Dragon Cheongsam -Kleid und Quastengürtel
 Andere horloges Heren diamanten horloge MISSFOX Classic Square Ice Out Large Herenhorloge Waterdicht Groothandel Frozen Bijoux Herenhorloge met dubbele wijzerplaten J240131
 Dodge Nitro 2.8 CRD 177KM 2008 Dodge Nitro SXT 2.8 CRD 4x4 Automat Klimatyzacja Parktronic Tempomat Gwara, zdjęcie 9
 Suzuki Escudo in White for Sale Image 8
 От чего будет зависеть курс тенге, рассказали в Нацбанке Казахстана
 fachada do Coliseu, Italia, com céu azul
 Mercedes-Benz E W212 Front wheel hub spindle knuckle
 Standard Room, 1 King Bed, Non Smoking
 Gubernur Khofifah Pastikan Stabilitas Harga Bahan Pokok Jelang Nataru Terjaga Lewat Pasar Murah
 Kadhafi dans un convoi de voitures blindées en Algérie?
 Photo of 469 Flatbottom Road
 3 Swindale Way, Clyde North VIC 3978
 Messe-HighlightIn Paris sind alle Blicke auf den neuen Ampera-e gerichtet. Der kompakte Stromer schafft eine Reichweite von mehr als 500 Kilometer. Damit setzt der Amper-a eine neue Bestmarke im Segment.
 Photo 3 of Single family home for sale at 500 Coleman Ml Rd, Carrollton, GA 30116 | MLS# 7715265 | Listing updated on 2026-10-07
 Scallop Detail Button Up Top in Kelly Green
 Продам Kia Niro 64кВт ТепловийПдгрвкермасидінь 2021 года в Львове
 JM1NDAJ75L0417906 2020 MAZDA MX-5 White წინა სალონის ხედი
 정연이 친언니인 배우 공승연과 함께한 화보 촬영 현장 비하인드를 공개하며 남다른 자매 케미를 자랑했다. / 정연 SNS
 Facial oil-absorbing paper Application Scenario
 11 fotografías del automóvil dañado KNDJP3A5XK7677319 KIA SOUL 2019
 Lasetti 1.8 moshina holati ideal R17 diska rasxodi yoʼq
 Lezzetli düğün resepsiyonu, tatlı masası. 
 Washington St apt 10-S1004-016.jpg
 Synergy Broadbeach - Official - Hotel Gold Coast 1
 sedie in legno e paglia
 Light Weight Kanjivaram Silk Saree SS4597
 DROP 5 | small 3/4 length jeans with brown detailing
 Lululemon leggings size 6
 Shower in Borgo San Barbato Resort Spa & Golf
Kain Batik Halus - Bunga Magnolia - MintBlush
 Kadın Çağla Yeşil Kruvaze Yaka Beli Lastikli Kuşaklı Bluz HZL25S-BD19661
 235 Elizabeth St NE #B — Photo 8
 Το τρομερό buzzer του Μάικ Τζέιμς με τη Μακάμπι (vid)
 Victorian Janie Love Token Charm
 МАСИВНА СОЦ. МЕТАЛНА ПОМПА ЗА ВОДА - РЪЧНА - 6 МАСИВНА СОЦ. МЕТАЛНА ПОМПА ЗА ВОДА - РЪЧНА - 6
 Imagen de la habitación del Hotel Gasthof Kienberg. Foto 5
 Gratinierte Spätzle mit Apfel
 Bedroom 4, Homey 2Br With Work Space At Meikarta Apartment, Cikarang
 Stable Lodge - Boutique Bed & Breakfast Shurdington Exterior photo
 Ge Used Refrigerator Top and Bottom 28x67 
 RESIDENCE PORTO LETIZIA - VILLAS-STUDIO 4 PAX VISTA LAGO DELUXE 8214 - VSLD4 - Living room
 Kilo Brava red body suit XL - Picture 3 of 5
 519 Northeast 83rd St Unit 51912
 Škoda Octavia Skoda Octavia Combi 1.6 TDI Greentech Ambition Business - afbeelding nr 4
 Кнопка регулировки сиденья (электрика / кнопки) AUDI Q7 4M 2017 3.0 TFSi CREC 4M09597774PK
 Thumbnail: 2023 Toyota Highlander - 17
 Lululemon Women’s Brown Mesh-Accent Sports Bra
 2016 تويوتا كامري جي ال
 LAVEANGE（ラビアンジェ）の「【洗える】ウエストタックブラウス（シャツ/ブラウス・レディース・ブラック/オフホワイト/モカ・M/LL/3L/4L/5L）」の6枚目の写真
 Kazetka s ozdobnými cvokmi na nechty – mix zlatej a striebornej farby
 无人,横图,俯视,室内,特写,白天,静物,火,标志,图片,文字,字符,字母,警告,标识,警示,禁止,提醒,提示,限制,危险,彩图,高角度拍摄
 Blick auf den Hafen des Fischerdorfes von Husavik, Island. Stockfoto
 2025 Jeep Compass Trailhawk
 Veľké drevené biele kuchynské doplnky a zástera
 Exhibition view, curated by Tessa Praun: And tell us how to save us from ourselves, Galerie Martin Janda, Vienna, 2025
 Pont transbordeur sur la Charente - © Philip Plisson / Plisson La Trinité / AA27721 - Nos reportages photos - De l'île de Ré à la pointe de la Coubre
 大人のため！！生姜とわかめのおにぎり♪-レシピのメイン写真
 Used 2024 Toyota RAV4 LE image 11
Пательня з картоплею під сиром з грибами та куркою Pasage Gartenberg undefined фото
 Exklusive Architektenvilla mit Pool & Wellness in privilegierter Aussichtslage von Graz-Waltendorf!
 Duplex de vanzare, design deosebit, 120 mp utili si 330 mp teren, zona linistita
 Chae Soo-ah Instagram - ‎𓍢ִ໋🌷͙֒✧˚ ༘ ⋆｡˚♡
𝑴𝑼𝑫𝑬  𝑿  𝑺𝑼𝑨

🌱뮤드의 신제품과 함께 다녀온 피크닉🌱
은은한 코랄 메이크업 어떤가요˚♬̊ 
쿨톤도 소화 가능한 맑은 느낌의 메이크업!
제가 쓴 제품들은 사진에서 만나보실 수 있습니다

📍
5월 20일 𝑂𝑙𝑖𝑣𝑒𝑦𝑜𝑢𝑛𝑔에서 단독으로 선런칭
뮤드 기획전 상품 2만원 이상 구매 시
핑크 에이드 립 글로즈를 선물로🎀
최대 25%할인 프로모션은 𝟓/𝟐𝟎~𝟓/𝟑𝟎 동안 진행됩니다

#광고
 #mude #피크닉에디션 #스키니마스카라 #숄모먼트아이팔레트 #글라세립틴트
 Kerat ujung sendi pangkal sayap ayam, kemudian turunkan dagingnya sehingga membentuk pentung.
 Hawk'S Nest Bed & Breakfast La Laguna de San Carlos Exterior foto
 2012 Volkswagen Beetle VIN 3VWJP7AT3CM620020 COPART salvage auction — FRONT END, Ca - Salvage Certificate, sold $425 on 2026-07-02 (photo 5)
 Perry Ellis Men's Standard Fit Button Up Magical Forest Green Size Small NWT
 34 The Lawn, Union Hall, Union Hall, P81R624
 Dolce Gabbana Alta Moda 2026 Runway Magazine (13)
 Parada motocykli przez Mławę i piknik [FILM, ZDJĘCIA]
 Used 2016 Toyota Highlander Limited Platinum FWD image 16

# DESCRIPTION OF THE TASK
Each line containing the word "Highlander" must be pulled from the listing and copied.

# SOLVED PROBLEM
 Thumbnail: 2023 Toyota Highlander - 17
 Used 2016 Toyota Highlander Limited Platinum FWD image 16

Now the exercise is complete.